Tomorrow is the first day of autumn, and boy haven’t we been waiting for it this year!

The heat may come back, but March marks an important period in the gardening calendar: it is time to repair the damage from the intense summer with very little rain.

Lawns have been decimated by army grub and black beetles – double threat this year.

This happens when it is dry and hot, leaving lawns brown and patchy. It would be wise to keep up treatment every 10 days until new growth appears in brown areas; never treat just the brown patches, as the grub has moved on to what is left of the green grass.

Apply Seasol to the brown patches to try and stimulate root growth before winter comes.

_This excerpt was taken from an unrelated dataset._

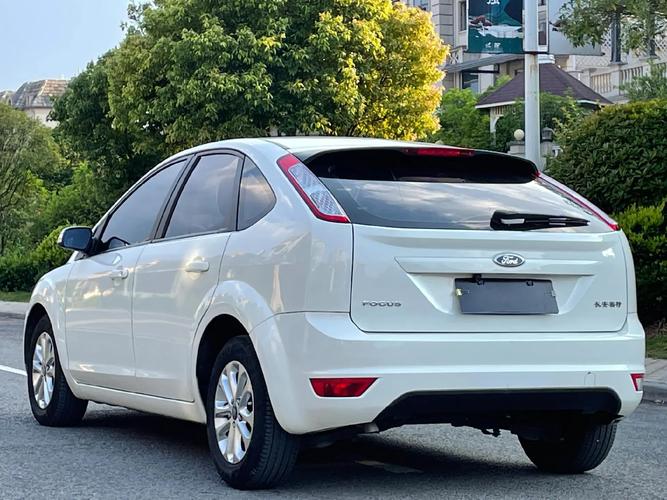 【长安福特福克斯报价表,长安福特福克斯suv价格】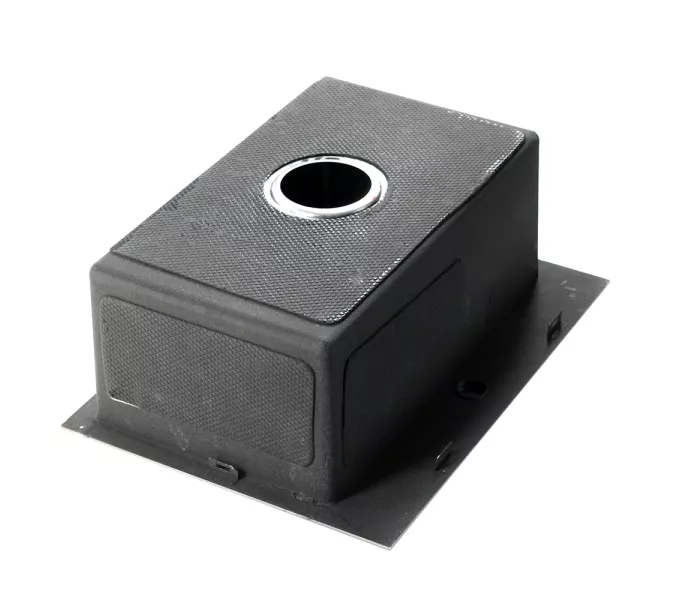 Мойка H5138F MELANA ProfLine 3,0/200 САТИН врезная, Выбрать цвет: Сатин, изображение 5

My catalpas, which feature in my garden, are standards with large heads of lime-green leaves.

Not now; they are a burnt mess, which I have left alone, as removing the burnt leaves may subject them to more burn if the heat returns.

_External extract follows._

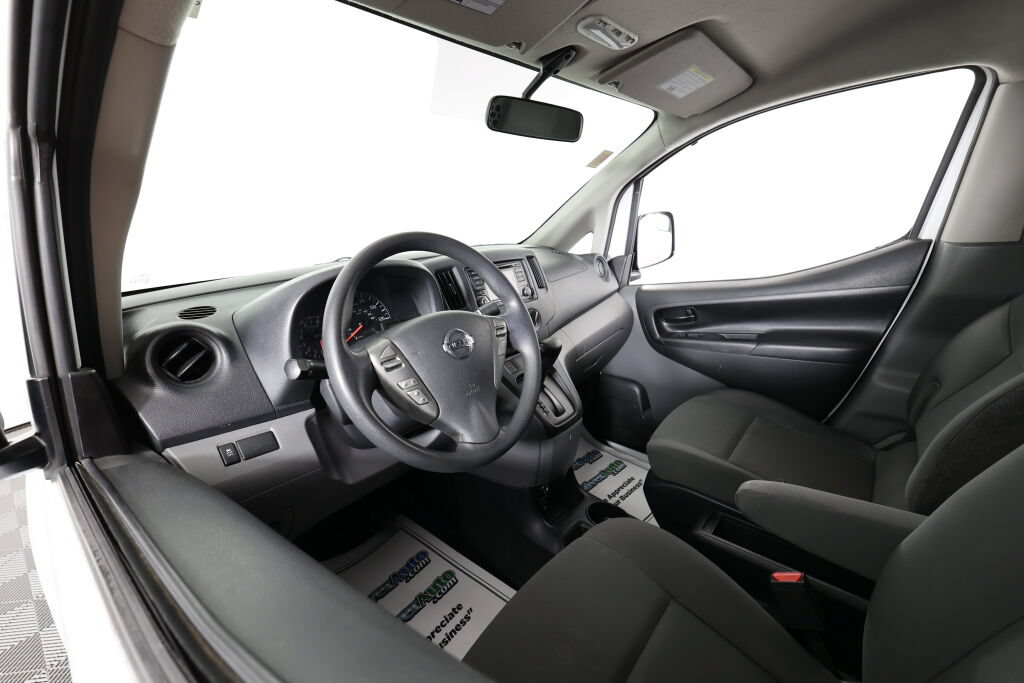 Used 2019 Nissan NV200 S w/ Cruise Control Package FWD image 10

With most deciduous trees, particularly robinias, their leaves will fall during autumn and when spring comes, they will have recovered producing lovely new growth.

March is time to give citrus extra care, besides fertilising. They certainly will have been attacked by leaf miner, which causes the new growth to curl which can be pruned back after the weather cools.   

There isn’t much to do to prevent this leaf curl other than regular applications of Eco-oil, although I have found Ecofend, specified for citrus leaf miner, is having some affect.

Ground-grown citrus should be fed with poultry manure out under the drip line on well-watered  
soil; apply, then water again.

A couple of weeks later, using the same application method, apply citrus fertiliser.

Never use citrus fertiliser on potted plants – they will burn and defoliate.

Use slow-release products such as Bounceback, applying to a well-watered plant.

Annuals such as pansies and sweet peas will soon become available in retail outlets – too soon and too hot.

Beds can be prepared by removing spent flowers and vegetables, then dig in poultry manure and  
an all-purpose plant food, which should be left for a couple of weeks before planting.

Sasanqua camellias will be setting buds soon, feed with cow manure and apply peat moss over the surface to maintain acidity.

This treatment can also be applied to Japonica camellias, which will bloom in winter.